=== Begin Enclosure ===

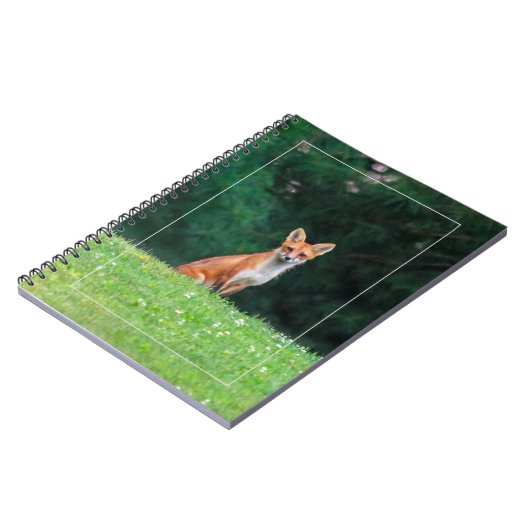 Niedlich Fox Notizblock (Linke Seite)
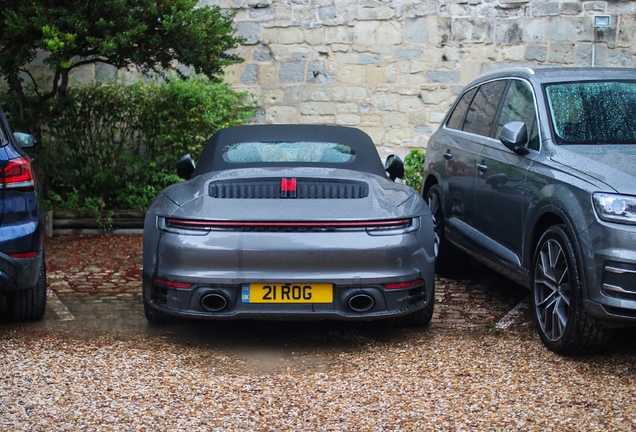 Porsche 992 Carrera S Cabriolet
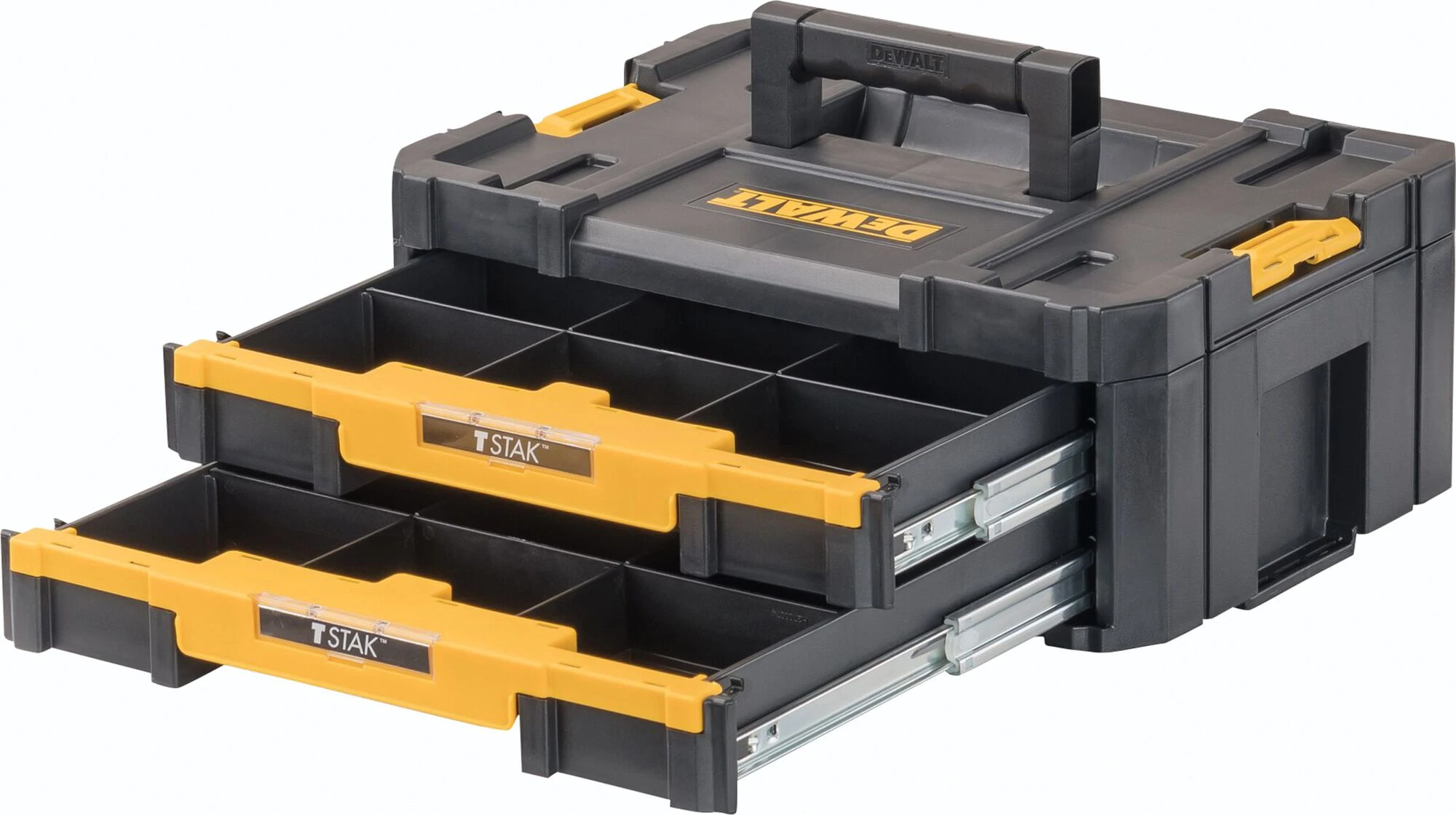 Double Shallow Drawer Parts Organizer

=== End Enclosure ===
=== Begin Enclosure ===

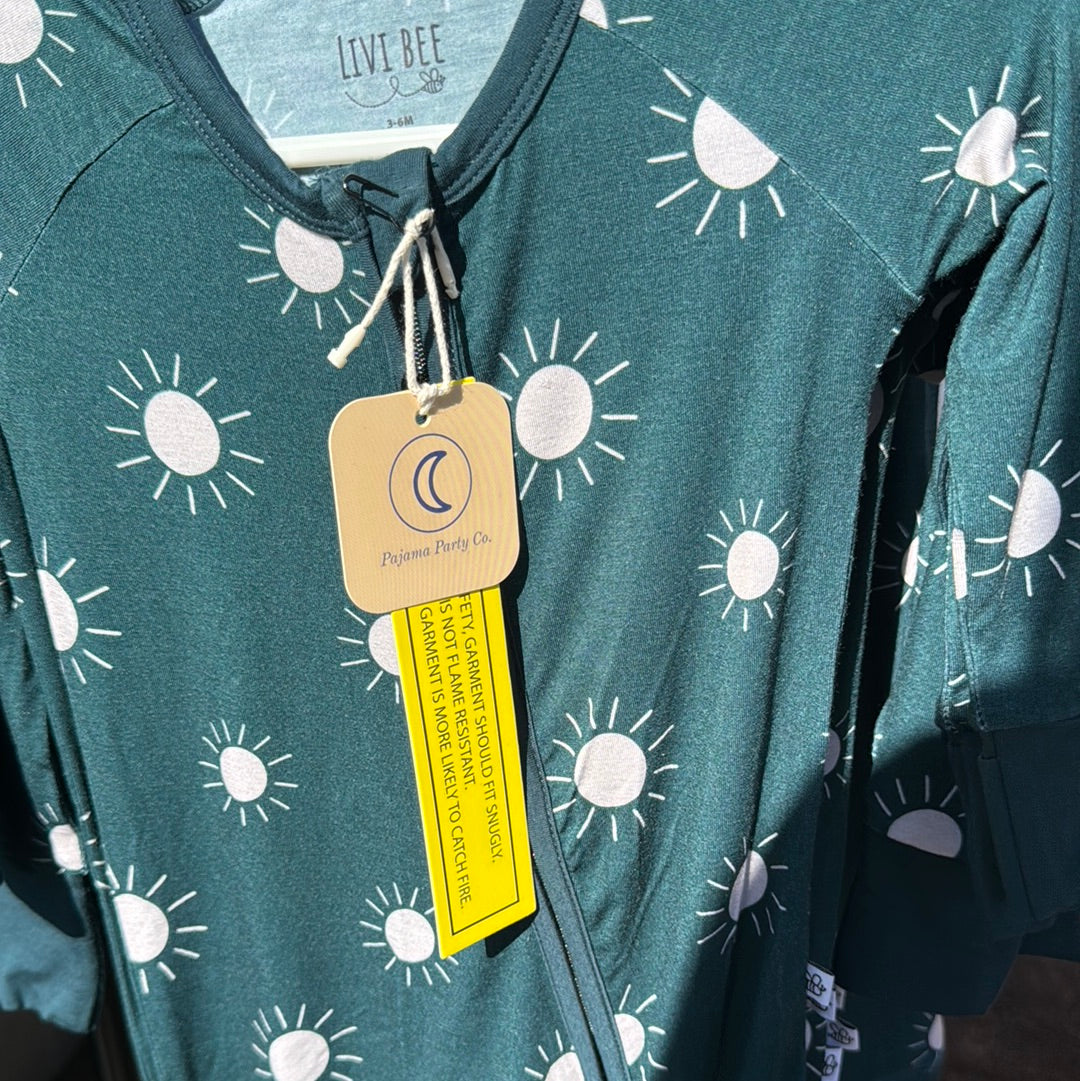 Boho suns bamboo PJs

=== End Enclosure ===

● Task directions
Using the records above, print exactly the run of lines that starts with the line with "Niedlich Fox Notizblock (Linke Seite)" and goes on through the line with "Double Shallow Drawer Parts Organizer", pictures excluded.

● Exercise output
 Niedlich Fox Notizblock (Linke Seite)
 Porsche 992 Carrera S Cabriolet
 Double Shallow Drawer Parts Organizer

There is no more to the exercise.